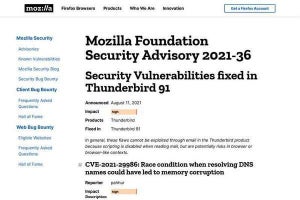 Thunderbirdに脆弱性、アップデートを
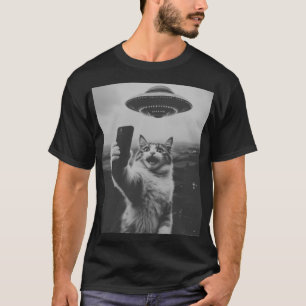 Camiseta Selfie de gato con ovni alienígena divertido 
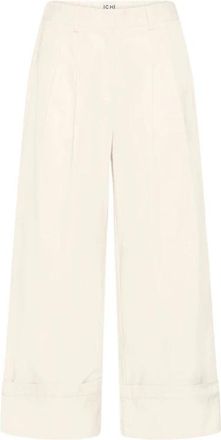 Ichi IHGazto Wijde Broek - Dames - Wijde Broeken - Beige - L - Katoen - Broeken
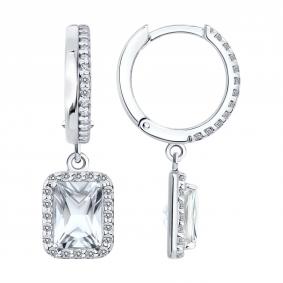 Серебряные серьги SOKOLOV 92023253 с фианитом и горным хрусталём 92023253 фото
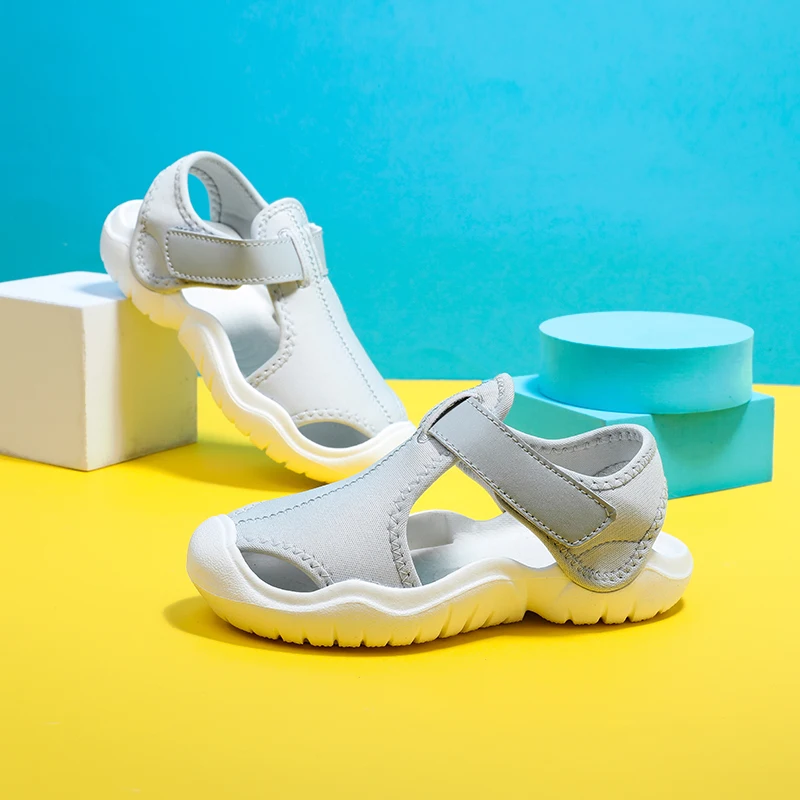 

2022 Kids Sandals for Boys Girls Summer Beach Shoes Lightweight Closed-Toe Outdoor Children Toddler Baby Shoe Breathable Outdoor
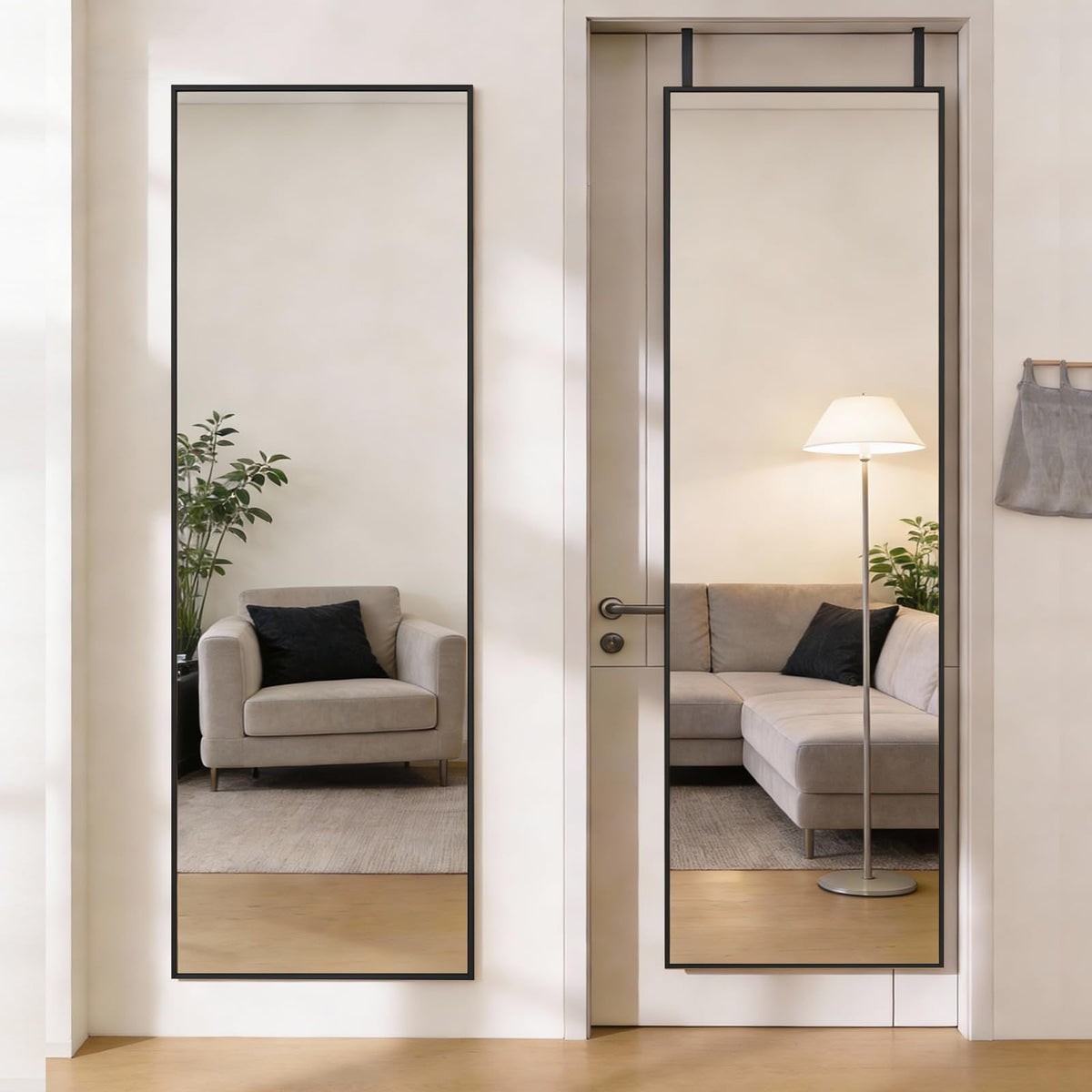 Aidoly Mirror Full Length, Upgraded Body Wall Mirrors with Shatter-Proof Glass, Floor Standing, Hanging or Leaning, Tall Mirror with Stand Aluminum Alloy Frame for Bedroom Cloakroom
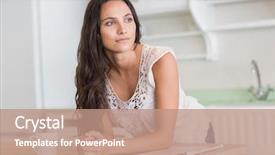  Presentation with kitchen - Audience pleasing presentation design consisting of thinking woman - thoughtful pretty brunette backdrop and a coral colored foreground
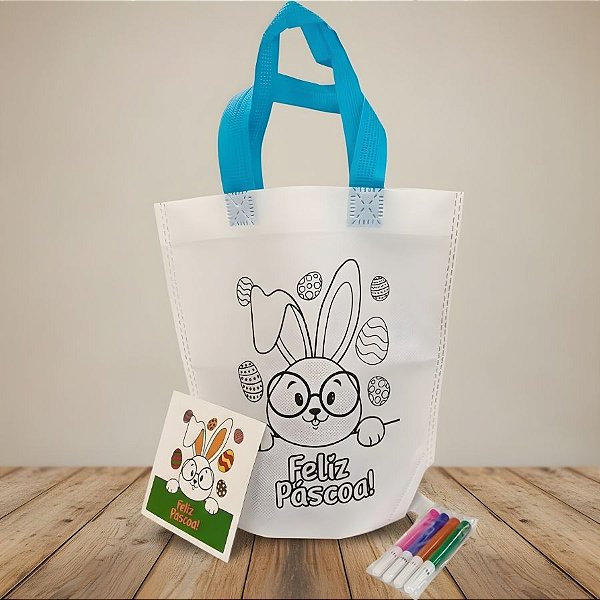 Sacola de Microfibra com Estampa de Páscoa Para Colorir - Coelho com Óculos - Azul - 16x22cm - 1 unidade - Rizzo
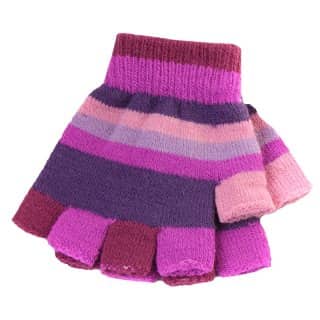 GC24-Girls stripy fingerless magic gloves Wholesale magic gloves for girls with plum and purple colour scheme
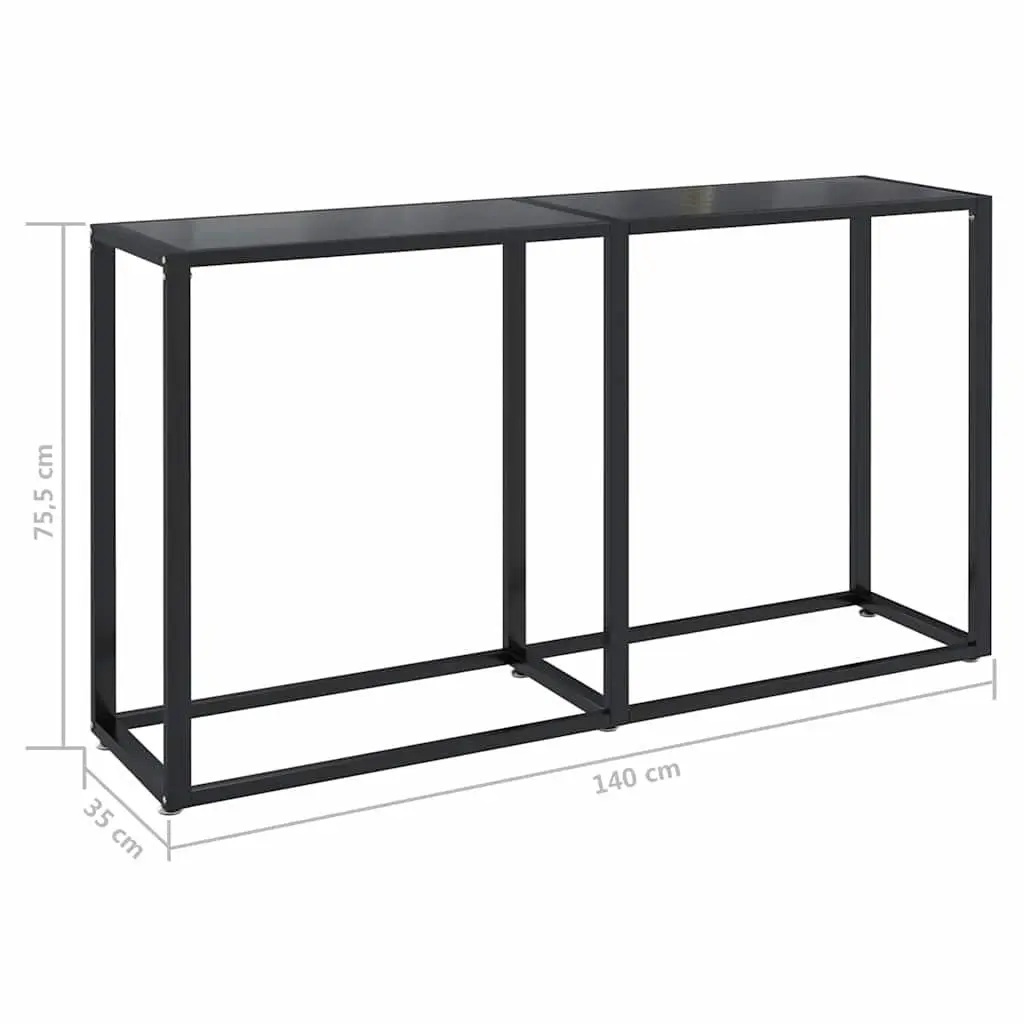 Console Table Black Tempered Glass Top Steel Frame 140cm W x 35cm D x 75.5cm H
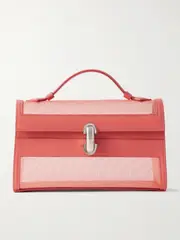 [Savette] Savette - Symmetry Pochette Leather And Mesh Tote - Pink - One size One size Pink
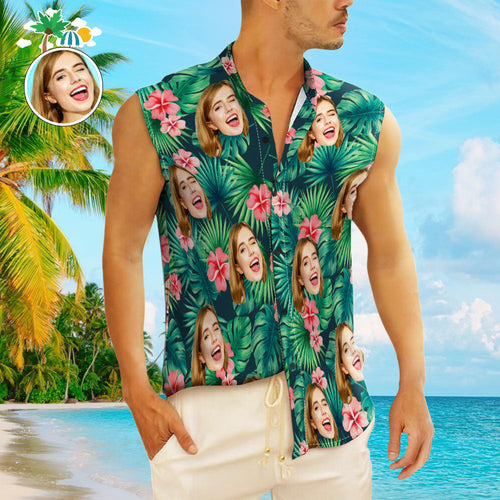 Custom Face Men's Sleeveless Hawaiian Shirts Personalized Sleeveless Shirts For Men Red Flowers - SantaSocks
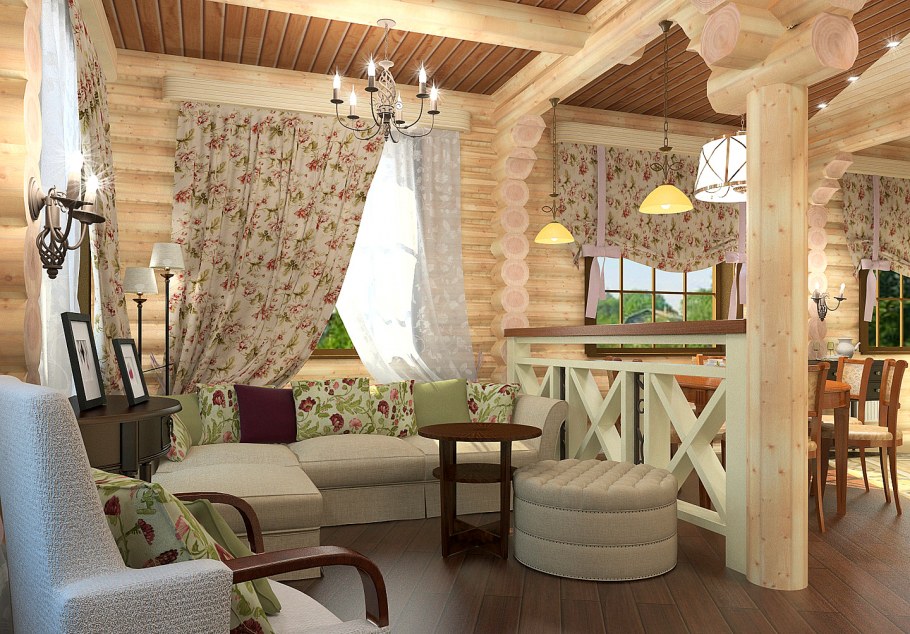 Гостиная Прованс Кантри в бревенчатом доме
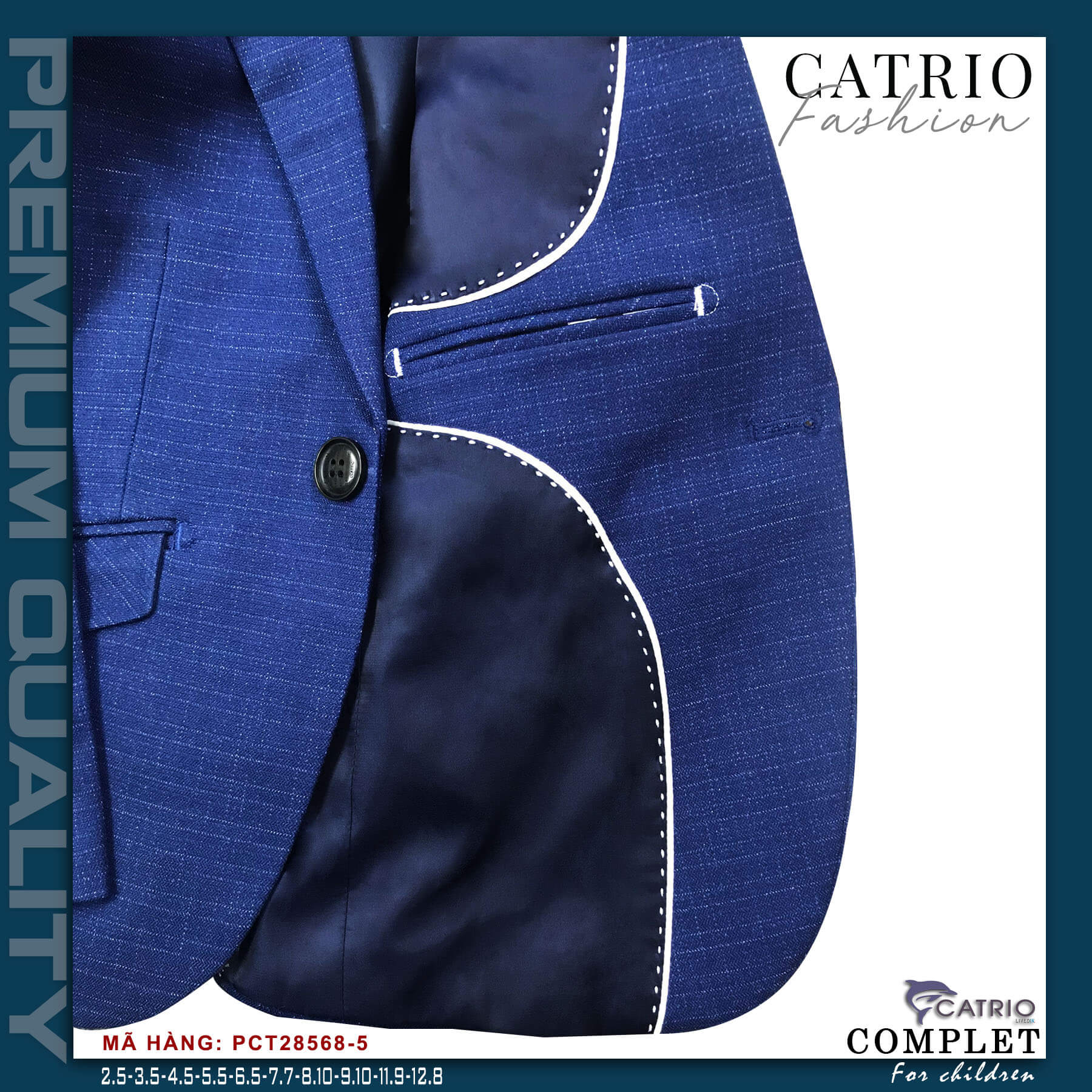 BỘ VEST BÉ TRAI CATRIO PCT28568/5 LÀ BỘ COMPLET TRẺ EM từ 2 tuổi đến 12 tuổi (12kg đến 50kg) phù hợp ngày lễ tết, tiệc cưới thuộc BST quần áo complet veston trẻ em CATRIO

★ ★ ★ ★ ★ ★ ★

WORK INSTRUCTIONS →
Output every record verbatim, excluding any picture it contains.

RESULT OF THIS EXERCISE →
 Thunderbirdに脆弱性、アップデートを
 Camiseta Selfie de gato con ovni alienígena divertido 
 Ichi IHGazto Wijde Broek - Dames - Wijde Broeken - Beige - L - Katoen - Broeken
 Серебряные серьги SOKOLOV 92023253 с фианитом и горным хрусталём 92023253 фото

2022 Kids Sandals for Boys Girls Summer Beach Shoes Lightweight Closed-Toe Outdoor Children Toddler Baby Shoe Breathable Outdoor
 Aidoly Mirror Full Length, Upgraded Body Wall Mirrors with Shatter-Proof Glass, Floor Standing, Hanging or Leaning, Tall Mirror with Stand Aluminum Alloy Frame for Bedroom Cloakroom
  Presentation with kitchen - Audience pleasing presentation design consisting of thinking woman - thoughtful pretty brunette backdrop and a coral colored foreground
 Sacola de Microfibra com Estampa de Páscoa Para Colorir - Coelho com Óculos - Azul - 16x22cm - 1 unidade - Rizzo
 GC24-Girls stripy fingerless magic gloves Wholesale magic gloves for girls with plum and purple colour scheme
 Console Table Black Tempered Glass Top Steel Frame 140cm W x 35cm D x 75.5cm H
 [Savette] Savette - Symmetry Pochette Leather And Mesh Tote - Pink - One size One size Pink
 Custom Face Men's Sleeveless Hawaiian Shirts Personalized Sleeveless Shirts For Men Red Flowers - SantaSocks
 Гостиная Прованс Кантри в бревенчатом доме
 BỘ VEST BÉ TRAI CATRIO PCT28568/5 LÀ BỘ COMPLET TRẺ EM từ 2 tuổi đến 12 tuổi (12kg đến 50kg) phù hợp ngày lễ tết, tiệc cưới thuộc BST quần áo complet veston trẻ em CATRIO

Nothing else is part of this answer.